● **DATA EXCERPTS**:

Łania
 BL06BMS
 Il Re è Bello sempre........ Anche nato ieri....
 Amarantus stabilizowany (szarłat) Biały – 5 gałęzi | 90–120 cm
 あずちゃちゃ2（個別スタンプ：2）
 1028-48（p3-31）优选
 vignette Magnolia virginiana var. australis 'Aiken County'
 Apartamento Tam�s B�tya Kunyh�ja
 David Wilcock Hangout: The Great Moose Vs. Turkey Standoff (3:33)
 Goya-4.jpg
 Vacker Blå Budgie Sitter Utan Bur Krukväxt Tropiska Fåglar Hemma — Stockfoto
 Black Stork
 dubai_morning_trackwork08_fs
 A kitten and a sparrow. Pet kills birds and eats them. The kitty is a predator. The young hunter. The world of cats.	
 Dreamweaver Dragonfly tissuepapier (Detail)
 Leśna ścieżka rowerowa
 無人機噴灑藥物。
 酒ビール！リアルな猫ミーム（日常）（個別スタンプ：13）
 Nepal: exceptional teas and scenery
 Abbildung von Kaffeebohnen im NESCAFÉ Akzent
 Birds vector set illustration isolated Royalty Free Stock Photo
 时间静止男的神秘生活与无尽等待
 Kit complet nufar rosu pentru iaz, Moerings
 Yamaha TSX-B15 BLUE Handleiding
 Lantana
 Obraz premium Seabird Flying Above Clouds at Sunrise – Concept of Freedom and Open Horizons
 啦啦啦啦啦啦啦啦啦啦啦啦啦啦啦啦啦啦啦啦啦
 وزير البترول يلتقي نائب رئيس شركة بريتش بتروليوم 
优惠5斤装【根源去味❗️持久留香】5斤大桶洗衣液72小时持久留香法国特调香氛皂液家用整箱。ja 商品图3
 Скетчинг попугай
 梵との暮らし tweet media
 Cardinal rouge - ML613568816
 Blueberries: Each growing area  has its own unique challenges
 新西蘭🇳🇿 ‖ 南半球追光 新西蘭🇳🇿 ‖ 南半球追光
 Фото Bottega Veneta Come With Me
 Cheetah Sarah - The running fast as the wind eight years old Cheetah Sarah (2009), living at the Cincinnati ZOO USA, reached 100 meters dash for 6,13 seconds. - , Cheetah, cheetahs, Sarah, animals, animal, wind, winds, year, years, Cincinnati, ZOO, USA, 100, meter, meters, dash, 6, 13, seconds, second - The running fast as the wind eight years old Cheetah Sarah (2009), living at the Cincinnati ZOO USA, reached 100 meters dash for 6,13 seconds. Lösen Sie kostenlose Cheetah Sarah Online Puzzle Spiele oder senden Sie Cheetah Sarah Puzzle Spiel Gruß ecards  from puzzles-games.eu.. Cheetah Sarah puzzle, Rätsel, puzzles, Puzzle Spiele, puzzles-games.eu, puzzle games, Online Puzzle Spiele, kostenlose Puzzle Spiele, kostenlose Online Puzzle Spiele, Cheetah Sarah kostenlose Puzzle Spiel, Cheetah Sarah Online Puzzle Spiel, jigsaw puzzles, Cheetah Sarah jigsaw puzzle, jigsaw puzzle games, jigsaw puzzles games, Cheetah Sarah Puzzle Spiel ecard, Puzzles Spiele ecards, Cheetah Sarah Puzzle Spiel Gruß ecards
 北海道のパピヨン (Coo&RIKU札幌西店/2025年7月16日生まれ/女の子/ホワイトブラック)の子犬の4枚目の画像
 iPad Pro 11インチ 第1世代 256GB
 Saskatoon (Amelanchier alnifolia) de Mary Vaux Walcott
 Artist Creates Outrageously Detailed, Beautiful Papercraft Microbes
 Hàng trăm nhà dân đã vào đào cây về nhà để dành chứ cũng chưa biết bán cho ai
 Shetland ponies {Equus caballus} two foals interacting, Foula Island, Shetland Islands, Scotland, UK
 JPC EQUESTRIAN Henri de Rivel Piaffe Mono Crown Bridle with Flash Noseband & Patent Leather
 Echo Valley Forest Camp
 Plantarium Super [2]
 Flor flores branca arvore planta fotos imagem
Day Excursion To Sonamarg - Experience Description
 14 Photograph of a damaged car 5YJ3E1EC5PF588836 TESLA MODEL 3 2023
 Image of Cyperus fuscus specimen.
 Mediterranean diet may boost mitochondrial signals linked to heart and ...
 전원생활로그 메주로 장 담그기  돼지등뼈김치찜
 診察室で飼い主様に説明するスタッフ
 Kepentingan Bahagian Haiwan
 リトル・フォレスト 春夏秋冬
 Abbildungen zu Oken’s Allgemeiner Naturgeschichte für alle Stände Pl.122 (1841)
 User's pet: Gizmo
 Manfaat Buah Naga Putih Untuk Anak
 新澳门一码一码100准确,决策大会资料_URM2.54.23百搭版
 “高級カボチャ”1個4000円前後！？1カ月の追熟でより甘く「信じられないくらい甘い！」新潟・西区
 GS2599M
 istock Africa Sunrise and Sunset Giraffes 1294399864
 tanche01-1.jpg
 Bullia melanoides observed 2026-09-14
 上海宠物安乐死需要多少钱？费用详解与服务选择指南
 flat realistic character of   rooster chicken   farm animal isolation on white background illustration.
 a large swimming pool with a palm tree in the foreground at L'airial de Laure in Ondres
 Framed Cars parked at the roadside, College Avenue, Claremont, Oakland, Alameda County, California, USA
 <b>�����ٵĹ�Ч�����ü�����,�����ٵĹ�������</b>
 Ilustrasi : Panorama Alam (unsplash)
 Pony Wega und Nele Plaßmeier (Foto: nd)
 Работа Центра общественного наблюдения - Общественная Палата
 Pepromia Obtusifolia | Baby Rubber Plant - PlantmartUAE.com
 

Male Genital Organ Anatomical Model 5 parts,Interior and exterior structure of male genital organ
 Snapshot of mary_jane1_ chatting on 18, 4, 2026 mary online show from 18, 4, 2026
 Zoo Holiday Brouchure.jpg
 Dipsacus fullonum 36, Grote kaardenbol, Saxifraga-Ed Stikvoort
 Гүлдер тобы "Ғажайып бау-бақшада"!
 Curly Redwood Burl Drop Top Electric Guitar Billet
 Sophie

● **WHAT YOU HAVE TO DO**: Some lines above may contain the string "animal". State how many of them the records have, and nothing more.

● **RESPONSE TO THIS TASK**: 2